Information shown:

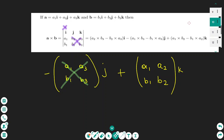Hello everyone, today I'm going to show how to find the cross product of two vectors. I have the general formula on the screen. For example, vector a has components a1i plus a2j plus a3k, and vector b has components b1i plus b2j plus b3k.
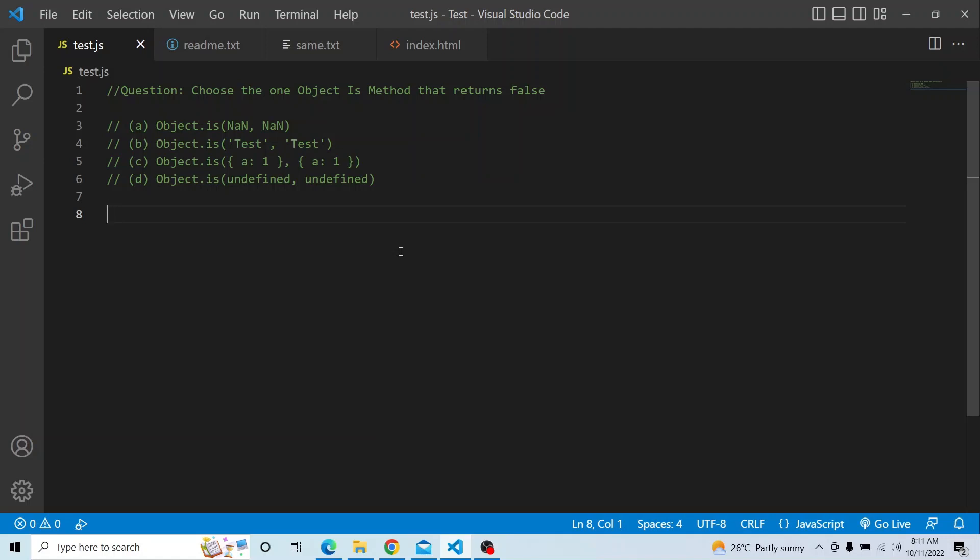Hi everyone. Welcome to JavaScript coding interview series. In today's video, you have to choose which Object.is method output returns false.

...

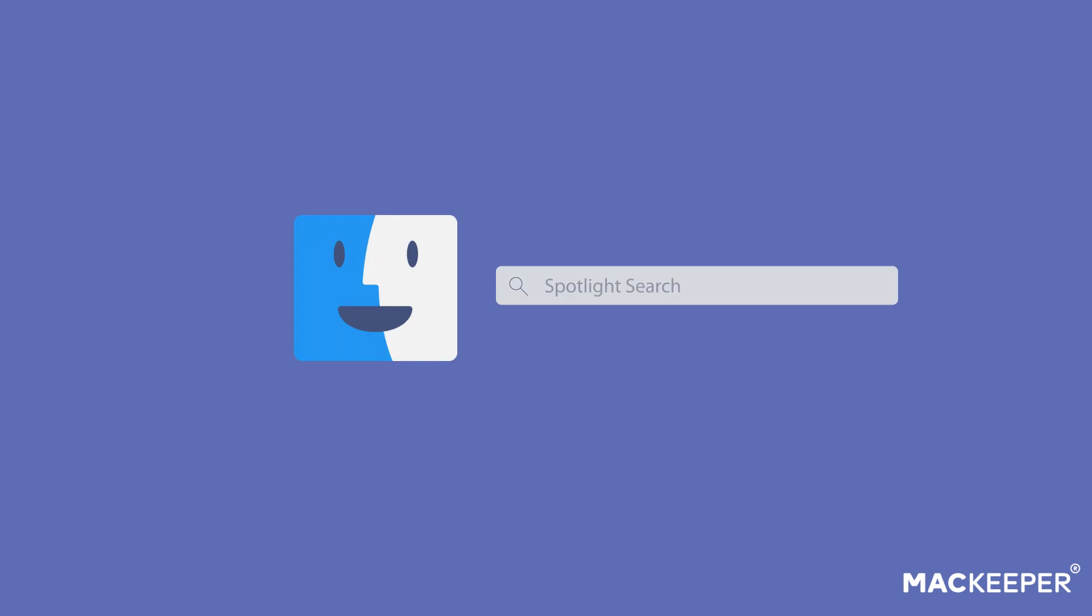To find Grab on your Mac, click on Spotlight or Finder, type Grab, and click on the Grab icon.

Work order:
From the records above, output only the lines starting at the one containing "Hello everyone, today" and ending at the one containing "Hi everyone. Welcome", word for word. Pictures stay out.

The answer:
Hello everyone, today I'm going to show how to find the cross product of two vectors. I have the general formula on the screen. For example, vector a has components a1i plus a2j plus a3k, and vector b has components b1i plus b2j plus b3k.
Hi everyone. Welcome to JavaScript coding interview series. In today's video, you have to choose which Object.is method output returns false.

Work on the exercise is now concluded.